### Data shown
════════════════

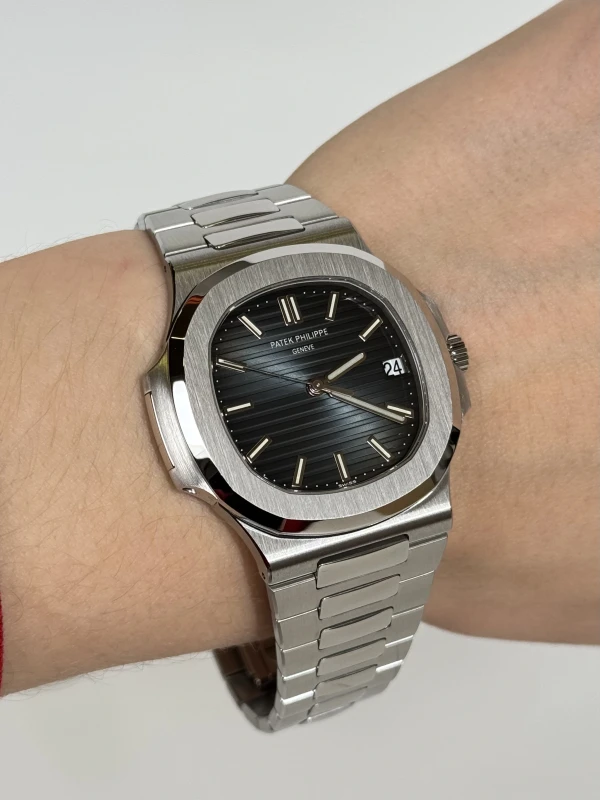 Patek Philippe 5711/1 5711/1A-010 6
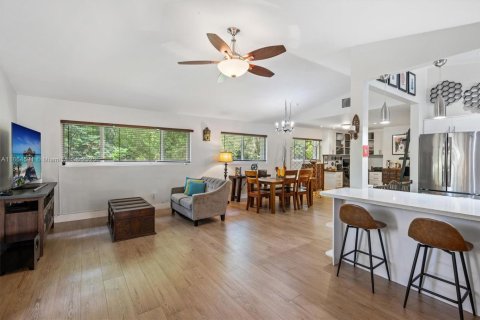Casa en venta en Palmetto Bay, Florida, 4 dormitorios, 183.67 m2 № 1892896 - foto 12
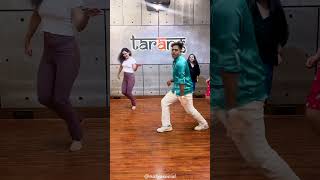 Bollywood dance on Aye Udi Udi | Natya Social Choreography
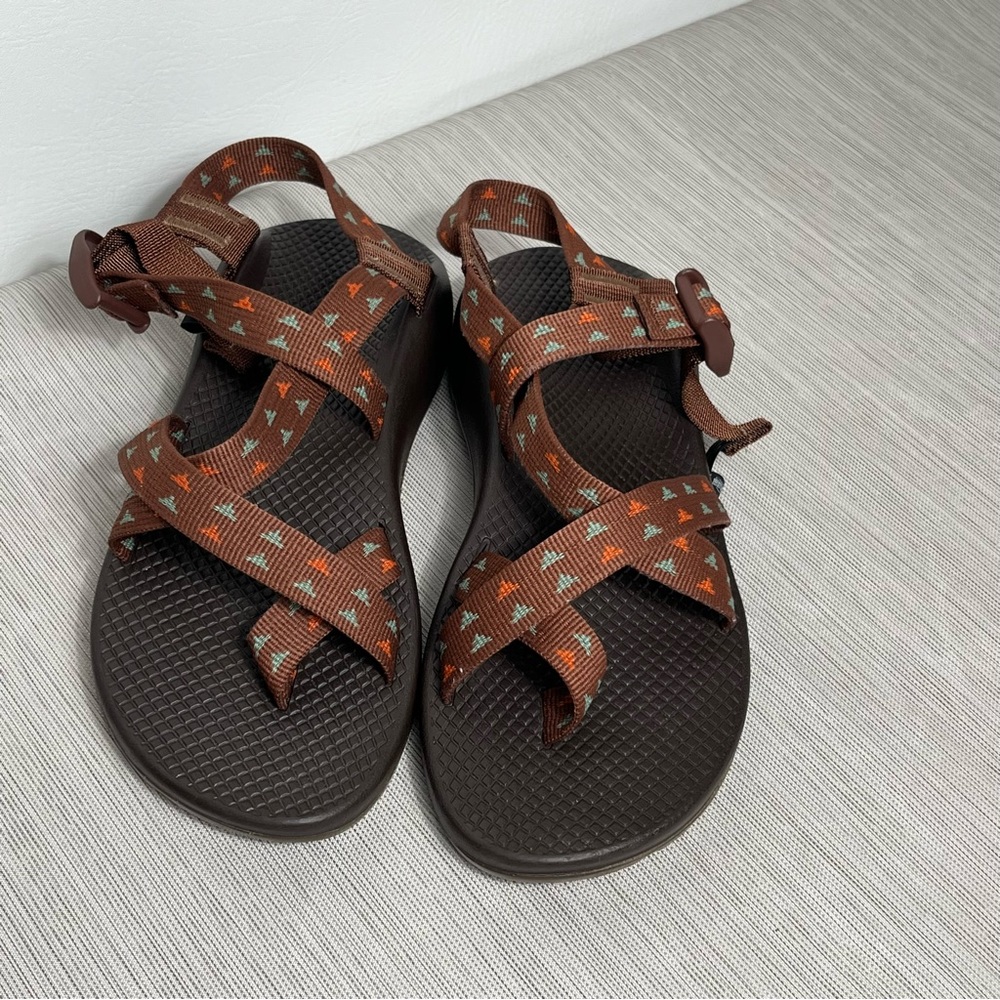 Chaco Brown Sandals with Triangle Design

════════════════

### Exercise prompt
Give back, word for word, the lines from the one containing "Bollywood dance on" through the last line of the listing above; include both ends and exclude the pictures.

### Exercise solution
 Bollywood dance on Aye Udi Udi | Natya Social Choreography
 Chaco Brown Sandals with Triangle Design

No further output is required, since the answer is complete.